LGNet: Local and global representation learning for fast biomedical image segmentation

Guoping Xu; Xuan Zhang; Wentao Liao; Shangbin Chen; Xinglong Wu

doi:10.1142/S1793545822430015

Abstract

Medical image segmentation plays a crucial role in clinical diagnosis and therapy systems, yet still faces many challenges. Building on convolutional neural networks (CNNs), medical image segmentation has achieved tremendous progress. However, owing to the locality of convolution operations, CNNs have the inherent limitation in learning global context.
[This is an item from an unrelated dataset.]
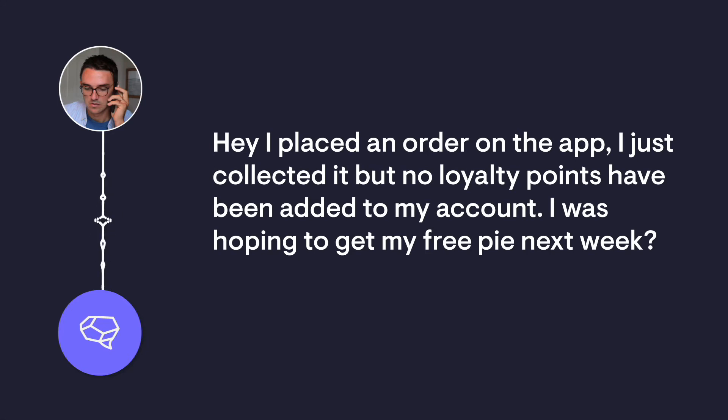Hey, I placed an order on the app. I just collected it, but no loyalty points have been added to my account. I was hoping to get my free pie next week.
To address the limitation in building global context relationship from CNNs, we proposeLGNet, a semantic segmentation network aiming to learn local and global features for fast and accurate medical image segmentation in this paper. Specifically, we employ a two-branch architecture consisting of convolution layers in one branch to learn local features and transformer layers in the other branch to learn global features. LGNet has two key insights: (1) We bridge two-branch to learn local and global features in an interactive way; (2) we present a novel multi-feature fusion model (MSFFM) to leverage the global contexture information from transformer and the local representational features from convolutions. Our method achieves state-of-the-art trade-off in terms of accuracy and efficiency on several medical image segmentation benchmarks including Synapse, ACDC and MOST. Specifically, LGNet achieves the state-of-the-art performance with Dice’s indexes of 80.15% on Synapse, of 91.70% on ACDC, and of 95.56% on MOST. Meanwhile, the inference speed attains at 172 frames per second with

224 \times 224

input resolution. The extensive experiments demonstrate the effectiveness of the proposed LGNet for fast and accurate for medical image segmentation.